• L'Eau des Collines, tome 1, Jean de Florette ; Marcel Pagnol

    « La force et l'endurance des rêveurs est parfois comparable à celle des aliénés. »

    L'Eau des Collines, tome 1, Jean de Florette ; Marcel Pagnol

    Publié en 2004

    Date de publication originale : 1962

    Editions du Fallois (collection Fortunio)

    280 pages

    Premier tome de la saga L'Eau des Collines

    Résumé :

    Au village des Bastides Blanches, on hait ceux de Crespin. C'est pourquoi lorsque Jean Cadoret, le Bossu, s'installe à la ferme des Romarins, on ne lui parle pas de la source cachée. Cela facilite les manœuvres des Soubeyran, le Papet et son neveu Ugolin, qui veulent lui racheter son domaine à bas prix...

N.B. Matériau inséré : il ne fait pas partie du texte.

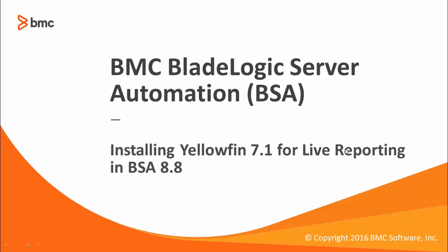Hi, my name is John O'Toole of BMC Software Customer Support, and this is the first in a series of videos which demonstrate how to install and configure Yellowfin for live reporting in a BMC Server Automation 8.8 environment.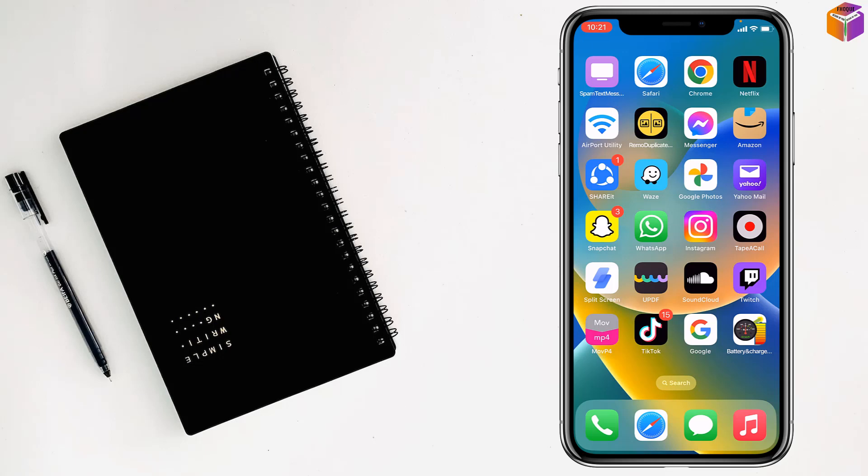Friends, today I'm going to show you how to separate audio from video on iPhone.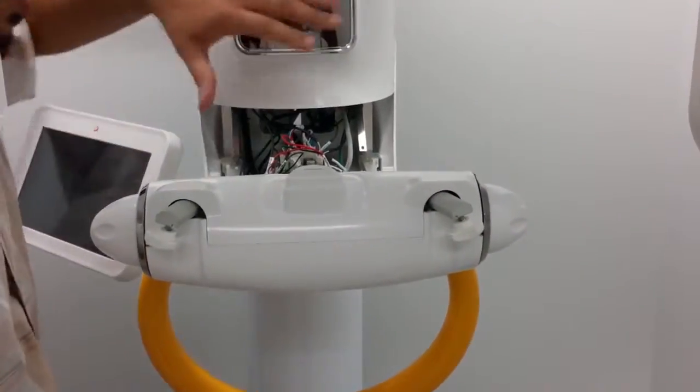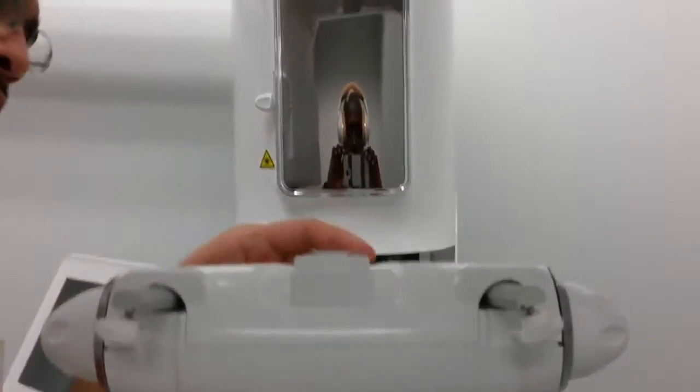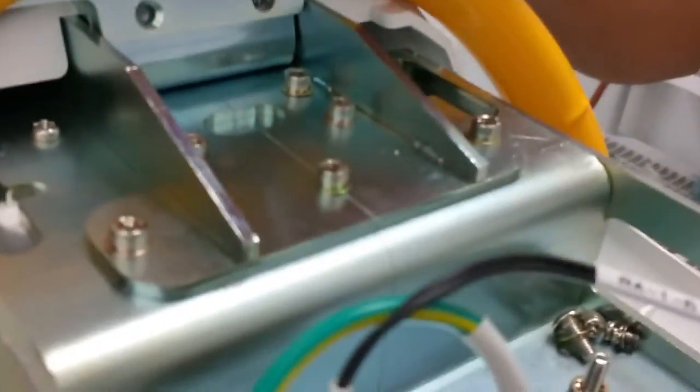After this piece has been removed, we have access to two screws on the front of the o-ring. These can be loosened here and here.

    Jean de Florette (1962), premier volume de L'Eau des Collines, marque, trente ans après Pirouettes, le retour de Pagnol au roman. C'est l'épopée de l'eau nourricière sans laquelle rien n'est possible.                                                                                                                                                         Marcel Pagnol y développe l'histoire du père de Manon, évoquée sous forme de flash-back dans le film Manon des Sources (1952). Les dialogues sont savoureux, et la prose aussi limpide que dans les Souvenirs d'enfance. Quant au Papet et à Ugolin, à la fois drôles et terrifiants, ils sont parmi les créations les plus complexes de Pagnol. 

    Ma Note : ★★★★★★★★★★

    Mon Avis :

    Nous sommes dans les années 1920 -la date n'est pas précisée-, quelque part en Provence. Ugolin, qui revient du service militaire, fait part à son oncle, le Papet, de son projet : il aimerait cultiver les œillets à grande échelle pour les revendre ensuite à la ville, à Aubagne et pourquoi pas, jusqu'à Marseille. La famille Soubeyran, dont le Papet et après lui Ugolin sont les derniers représentants, est riche et possède de bonnes terres sur la commune des Bastides Blanches mais dans ces terres arides des contreforts de la Provence, l'eau devient vite problématique pour une exploitation massive. C'est alors que le Papet a l'idée de racheter le mas des Romarins, qui appartient à Marius, dit Pique-Bouffigue, mas qui possède une belle source dans ses terres. A la mort de celui-ci, pourtant, Ugolin et le Papet ne parviennent pourtant pas à mettre à exécution leur plan, car un étranger arrive alors de la ville, avec femme et enfant. Cet homme, Ugolin l'apprendra vite, est le fils de Florette, des Bastide, qui s'était mariée dans le bourg voisin et ennemi de Crespin. Alors, parce que c'est un étranger et parce que les Soubeyran n'ont pas cessé de convoiter le mas et ses champs, ils vont boucher la source. Le nouveau venu, trop optimiste, va alors se tuer à la tâche pour des chimères, sous les yeux de plus en plus coupables d'Ugolin, indifférents du Papet et des gens du village qui estiment que les histoires des autres ne les regardent pas.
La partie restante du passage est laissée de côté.